IRLI reveals deal with anti-borders lawyers despite prohibition by federal law
WASHINGTON - An investigation by the Immigration Reform Law Institute (IRLI) has revealed that the Obama-era U.S. Department of Health and Human Services (HHS), in apparent violation of federal immigration law, awarded multiple high-value contracts, worth over $310 million, to a single nonprofit group in 2015 and 2016.
All of these contracts were awarded for the purpose of providing legal representation to unaccompanied alien children (UACs). UACs are defined as aliens under 18 years of age who have no lawful immigration status in the United States and, supposedly, no parent or legal guardian in the United States available to provide care and physical custody. A significant percentage of UACs (the vast majority of whom are from Central America) have ties to MS-13 or other gangs.
The funds went to the Vera Institute of Justice (Vera), a nonprofit group that provides immigrants with access to legal services. (One of Vera’s former directors, Christopher Stone, also served as president of George Soros’ Open Society Foundations from 2012-2017.) The contracts require Vera to provide “direct legal representation” to UACs, recruit and train pro bono attorneys, and facilitate continued legal representation once a UAC is released to a sponsor – frequently an illegal alien. So far, the federal grants have paid for legal representation of UACs in removal proceedings and removal appeals throughout the nation.
The Immigration and Nationality Act, Section 292, states that aliens in removal proceedings “shall have the privilege of being represented (at no expense to the Government).” Immigrant special interest groups, sometimes on behalf of unaccompanied minors, have tried since 1996 to challenge this section, claiming it violates aliens’ rights. Federal courts have always rejected these claims.
Even though the use of federal funds to provide direct representation to UACs appears to violate federal law, the Obama administration continued to provide funding to Vera for these illegal aliens, knowing that taxpayers would face significant hurdles if they attempted to sue the federal government to halt the payments. To date, HHS has obligated over $232 million to Vera, with its network of legal services subcontractors, to provide these services, and HHS likely plans to obligate the $78 million remaining on the contracts.

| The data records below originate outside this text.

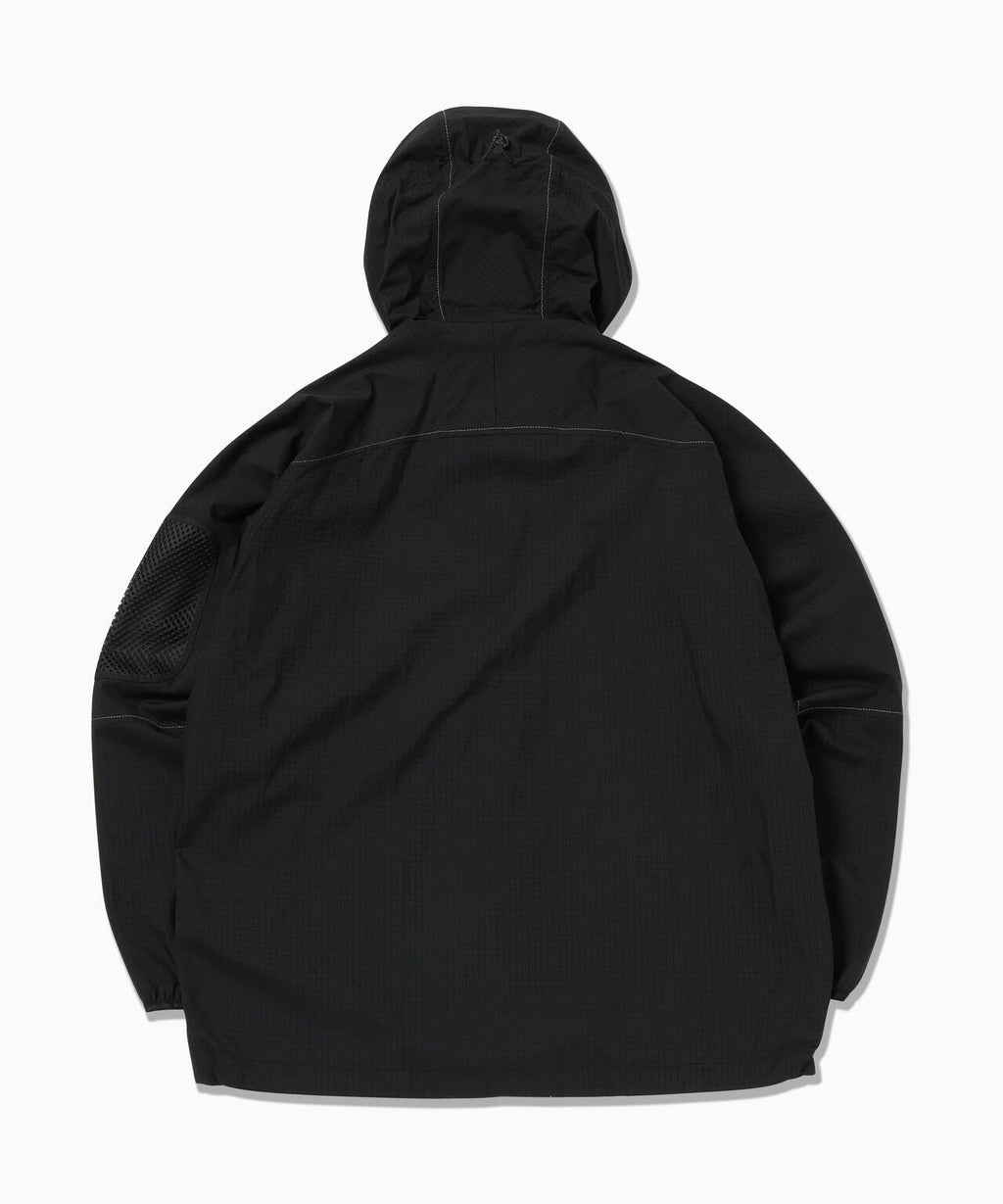 breath rip hoodie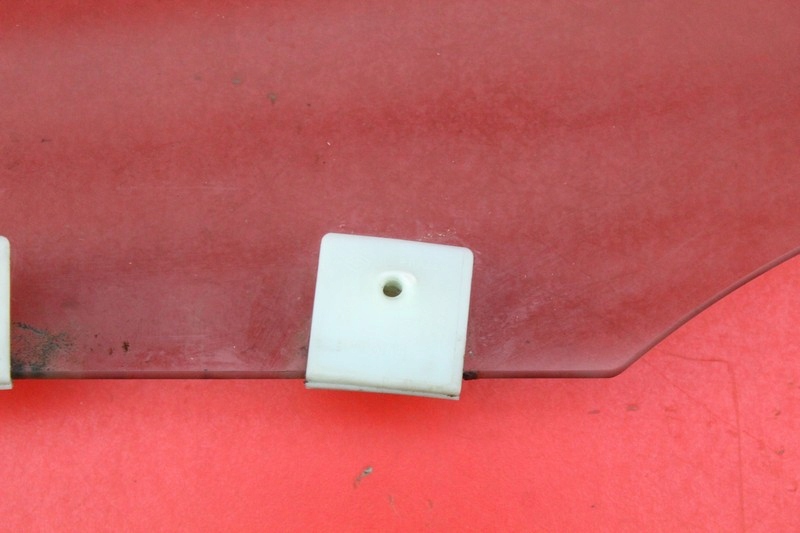 фото №10, Стекло боковая левая задняя задняя renault talisman sedan 12-20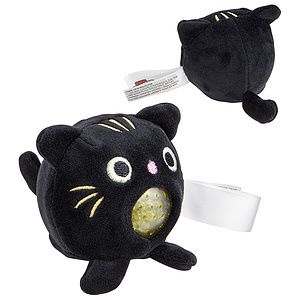 Stress Buster Cat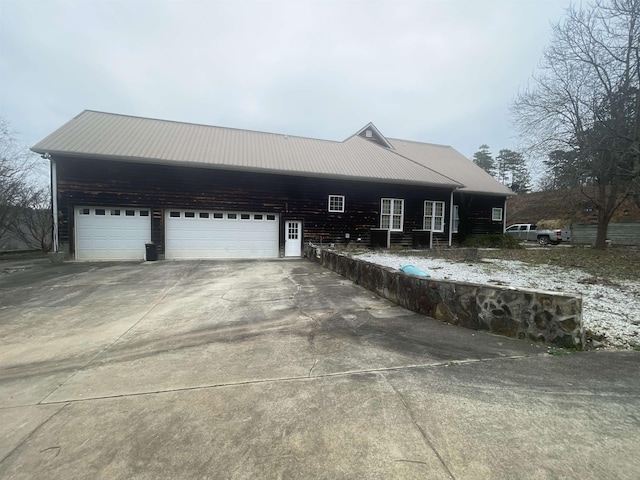 120 Lonesome Valley Rd, Westminster, SC 29693 - photo 11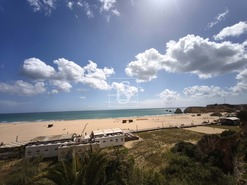 Apartamento T1 - Portimo, Portimo, Faro (Algarve) - Miniatura: 23/23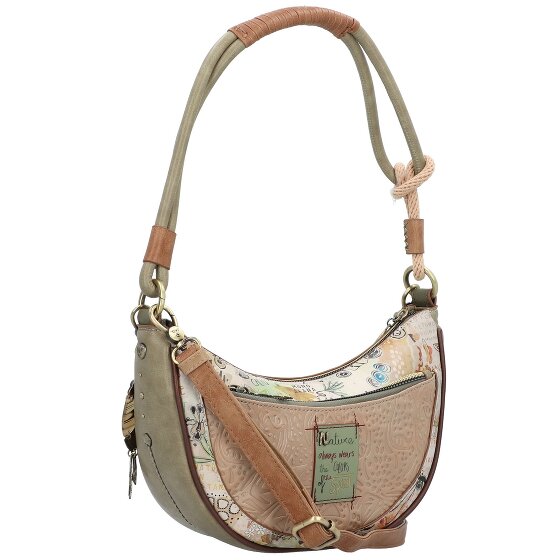 Anekke Amazonia Torba na ramię 28 cm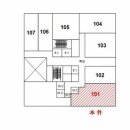 새미래오피스빌딩 이미지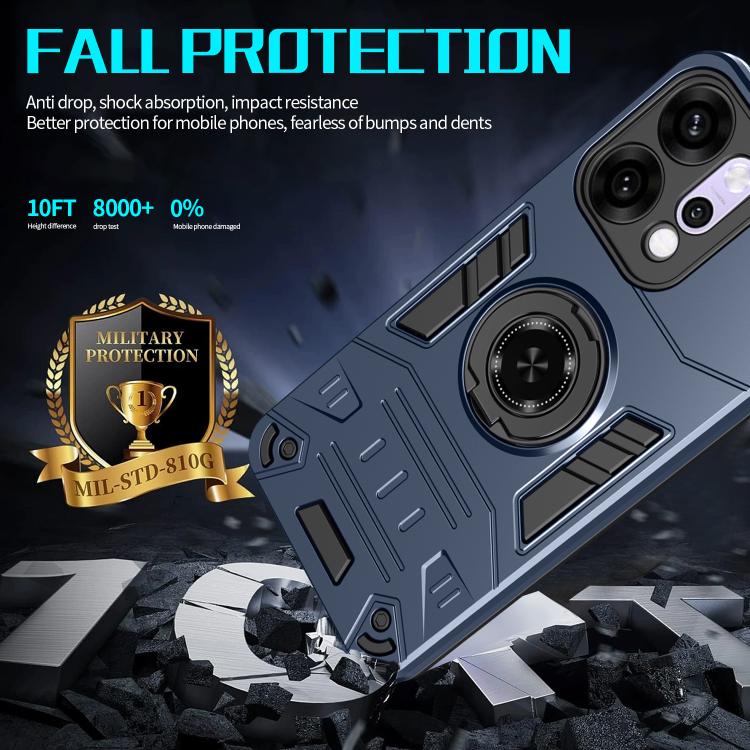 EDA008722902B_2.jpg@bb3aab5924c8d9555e48b67b3624a7ec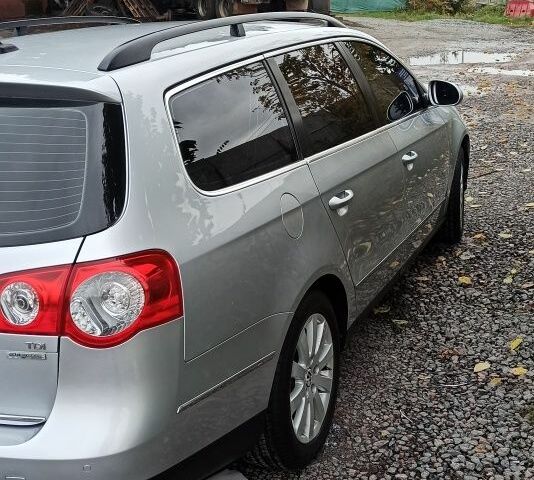 Сірий Фольксваген Інша, об'ємом двигуна 1.6 л та пробігом 260 тис. км за 8000 $, фото 2 на Automoto.ua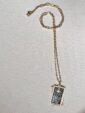 tarot-cats-the-lovers-necklace-41370888765689-2.jpg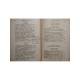 Max Egger - Histoire de la litterature grecque - Cartonata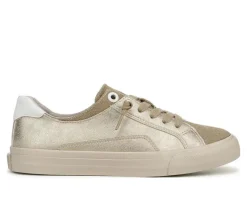Women's Blowfish Malibu Martina Too Sneakers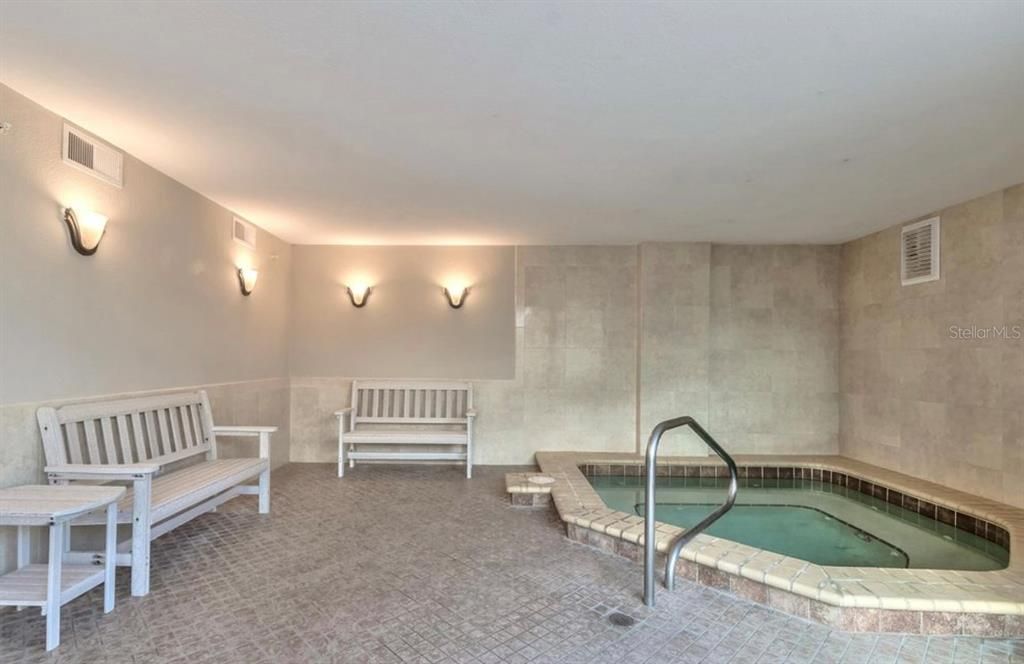 В аренду: $5,000 (2 спален, 2 ванн, 1372 Квадратных фут)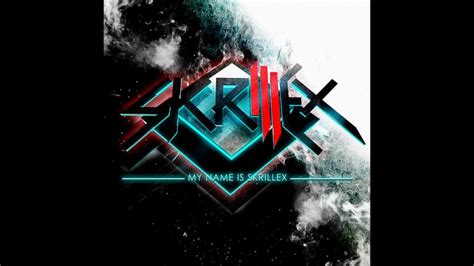 Mr. Scruff - Kalimba(Skrillex Remix) - YouTube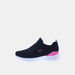 Skechers Women's Slip-On Walking Shoes-Women%27s Sports Shoes-thumbnail-0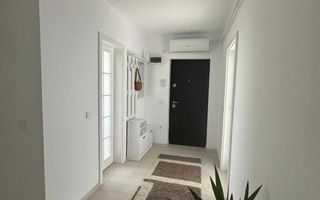 Inchiriez apartament 2 camere - Poză 2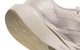 WOMEN'S ADIZERO EVO SL WONDER QUARTZ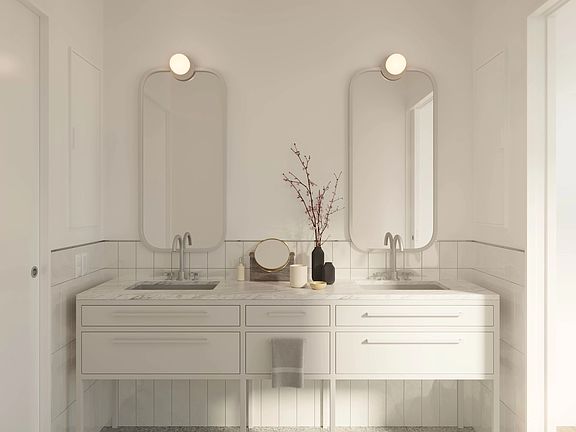 2nd image of 547 W 47th St #1004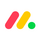 Integrations icon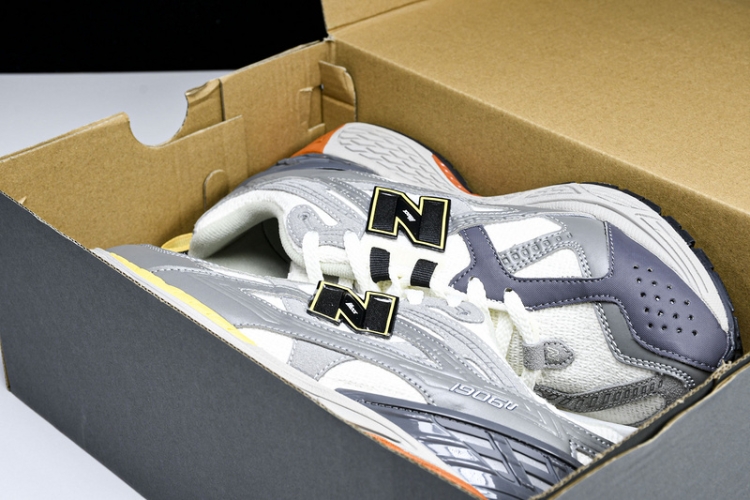  New Balance 1906 M1906NG1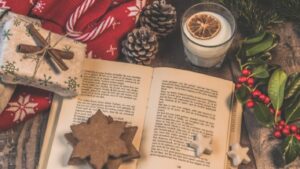 libri da regalare a natale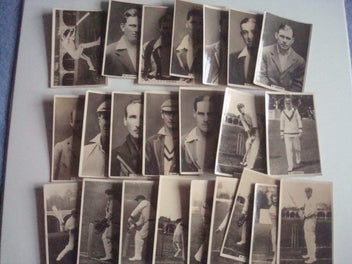 Image 1 of 9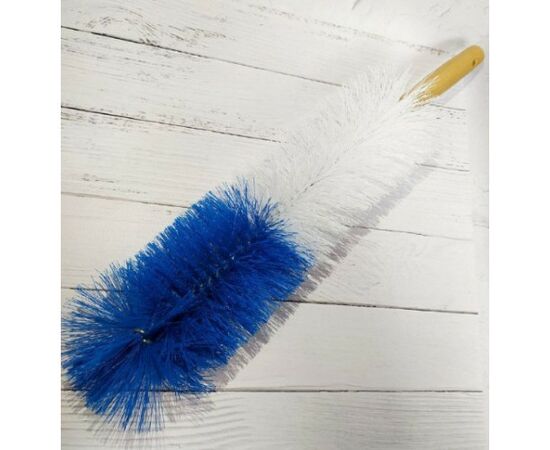 Йоржик для колби великий Йоржик для колби великий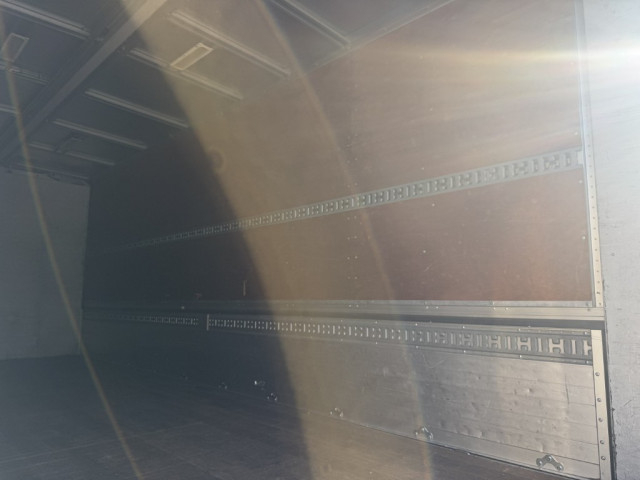 日野 レンジャー 中型 アルミウィング TKG-FC9JKAG(96976) 11枚目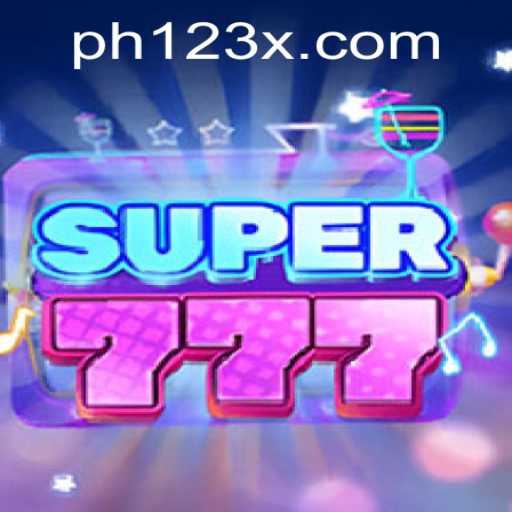 Discover the Thrilling World of Super777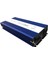 3000 W 24 Volt Tam Sinüs Inverter 1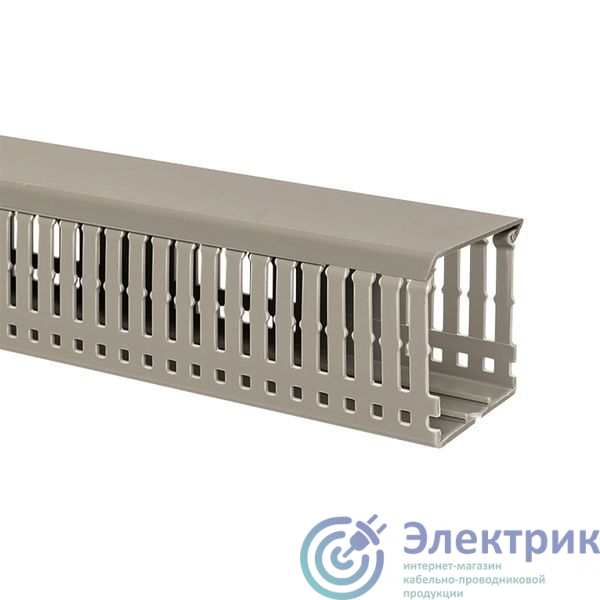 Фото EKF kk100-80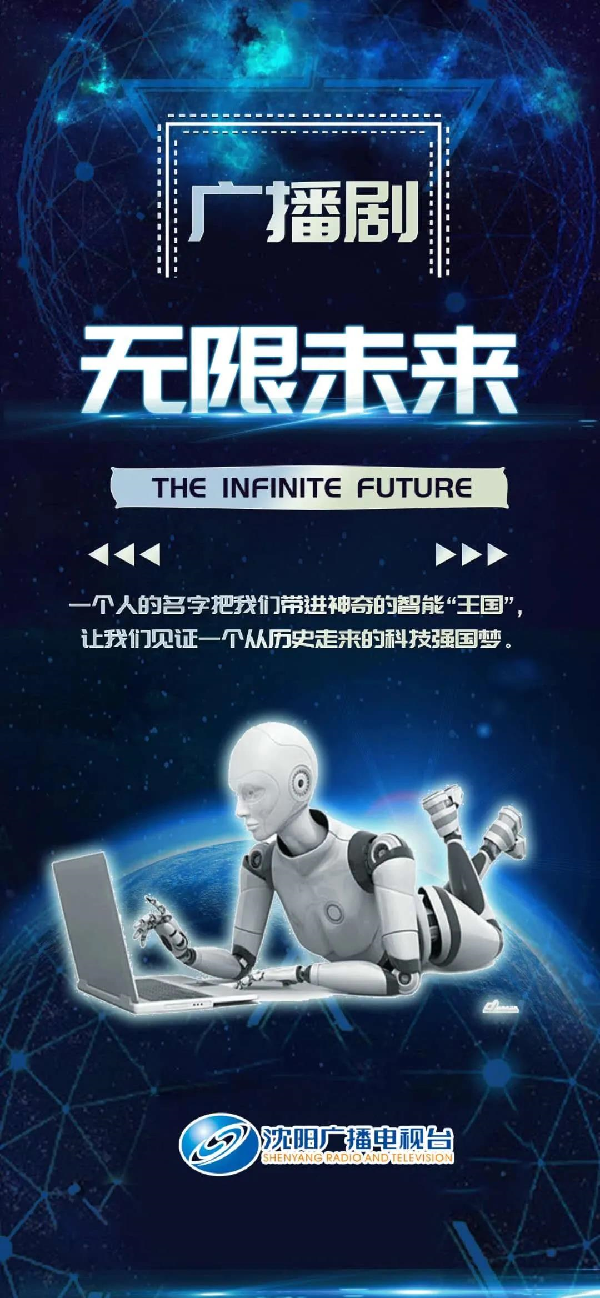 1678686792275560 1609730701170682.png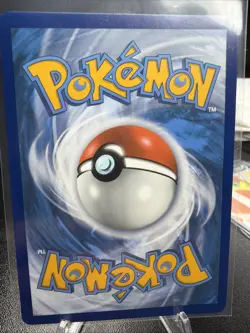 Pokemon TCG Toxtricity V Shining Fates SV112/SV122 Holo Shiny Holo Rare - Image 2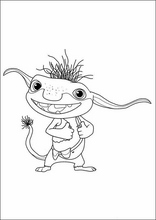 沃利卡赞18
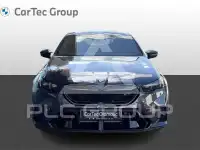 2026 BMW M5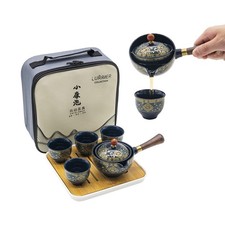Lurrier porcelain chinese - lurrier,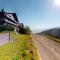 Beautiful apartment for 4 people with a splendid view of les Dents du Midi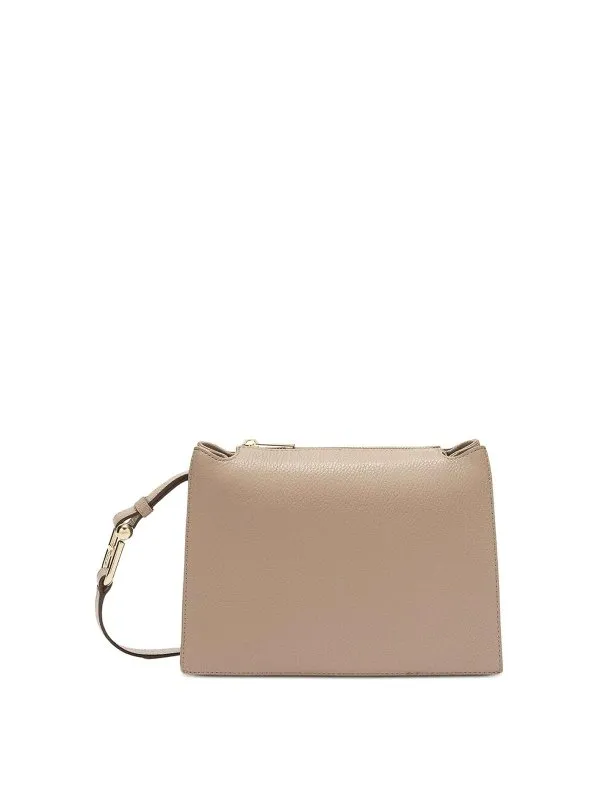 Furla Sac Bandoulière - Marron - Marron | WB01275HSF0002572S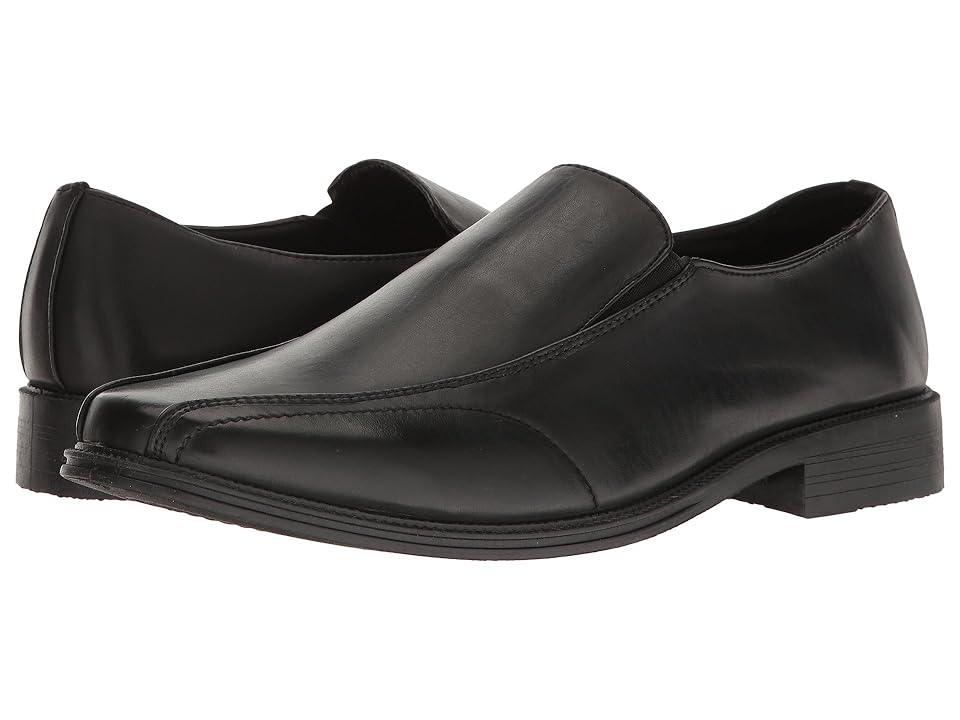 

Deer Stags Lansing (Black 1) Men's Shoes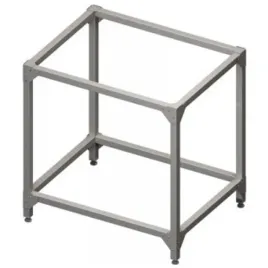 podstawa-do-pieca-do-pizzy-trays-9-trays-99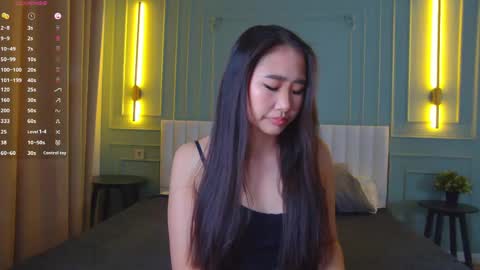 Rize online show from 04.24.26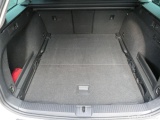  Volkswagen  Passat  Variant Business 2.0 TDI 110KW AT7 E6dT #11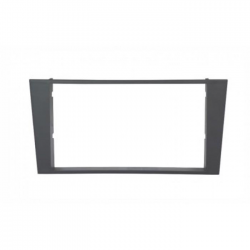    Carav 11-210 Lexus LS-400 1995-2000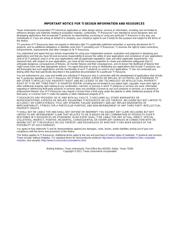 TPA3132D2RHBR datasheet.datasheet_page 6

“When the federal government pays for illegal alien minors to receive direct legal representation, it does more than flout the law,” said Dale L. Wilcox, executive director and general counsel of IRLI. “These unauthorized payments have undoubtedly speeded-up UACs’ release from detention facilities to join their families, relatives, or fellow gang members – or help them reconnect with and pay ‘pandillas,’ the criminal cartels that make enormous profits from controlling human trafficking over the southern border. My guess is that average voters would not be pleased to know that such vast amounts of their tax dollars are being spent in aid of this giant criminal enterprise.”